▸ **ASSIGNED TASK**: All of the data should be copied exactly, with the pictures left out.

▸ **DATASET EXCERPT**:
++++

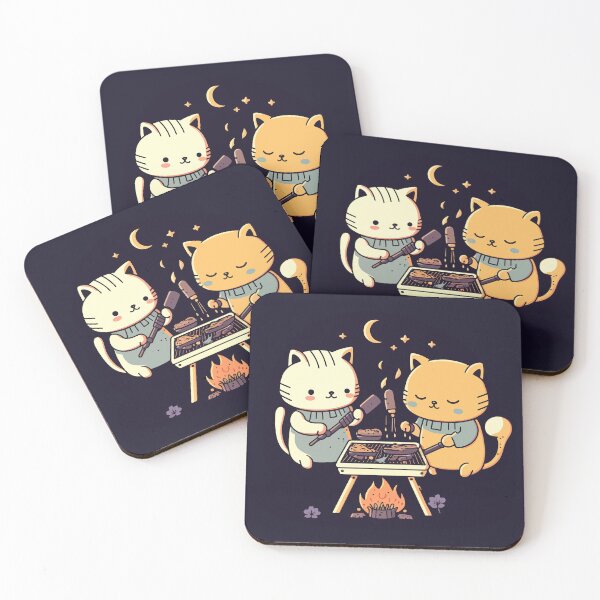 Item preview,  Cats & Barbecue - 02 designed and sold by YoobiArt.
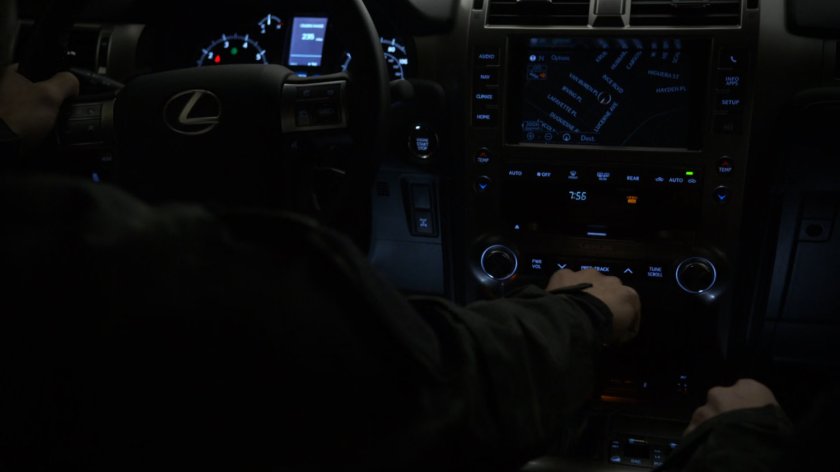 Console cluster of SHIELD SUV.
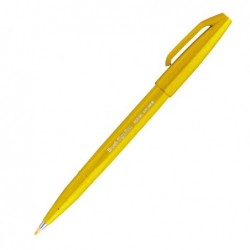 Pennarello Brush Sign Pen giallo Pentel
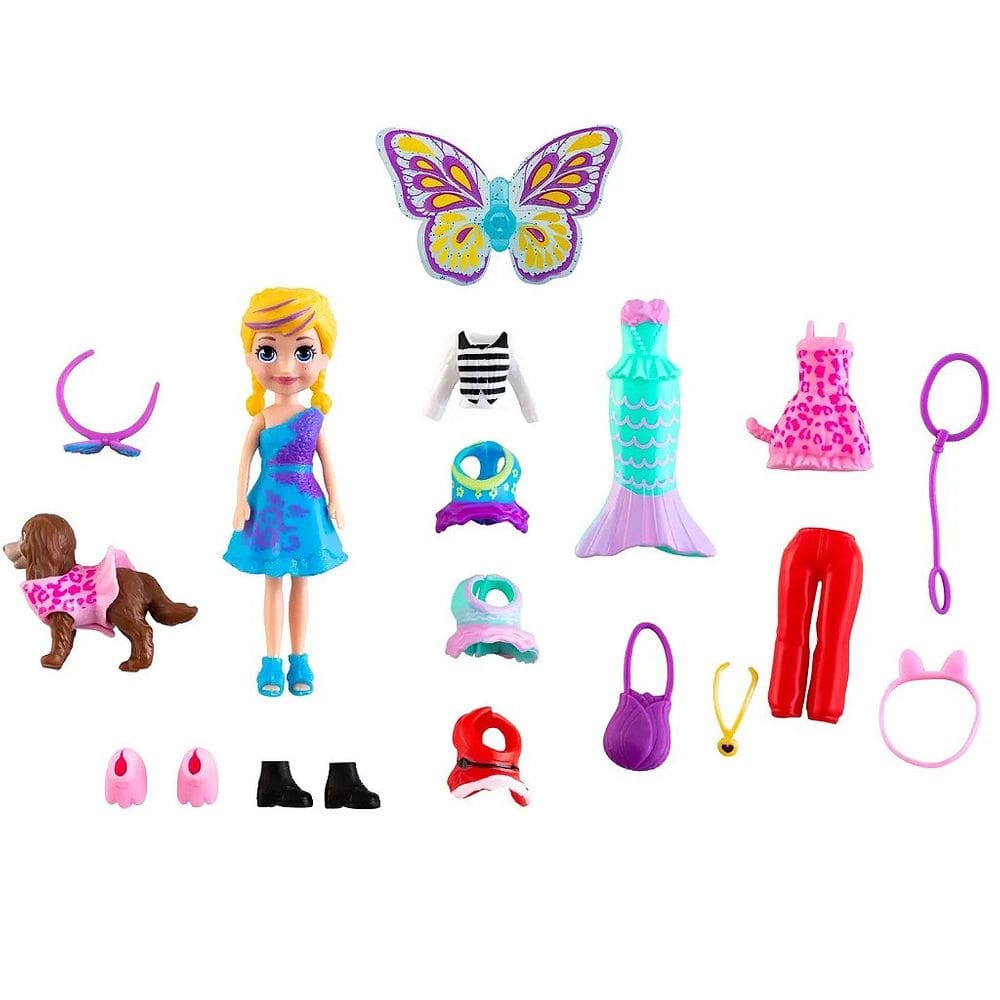 Boneca Polly  Kit Cachorro Fantasias Combinadas - Mattel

++++

▸ **EXERCISE OUTPUT**:
 Item preview,  Cats & Barbecue - 02 designed and sold by YoobiArt.
 Console cluster of SHIELD SUV.
 Pennarello Brush Sign Pen giallo Pentel
 Boneca Polly  Kit Cachorro Fantasias Combinadas - Mattel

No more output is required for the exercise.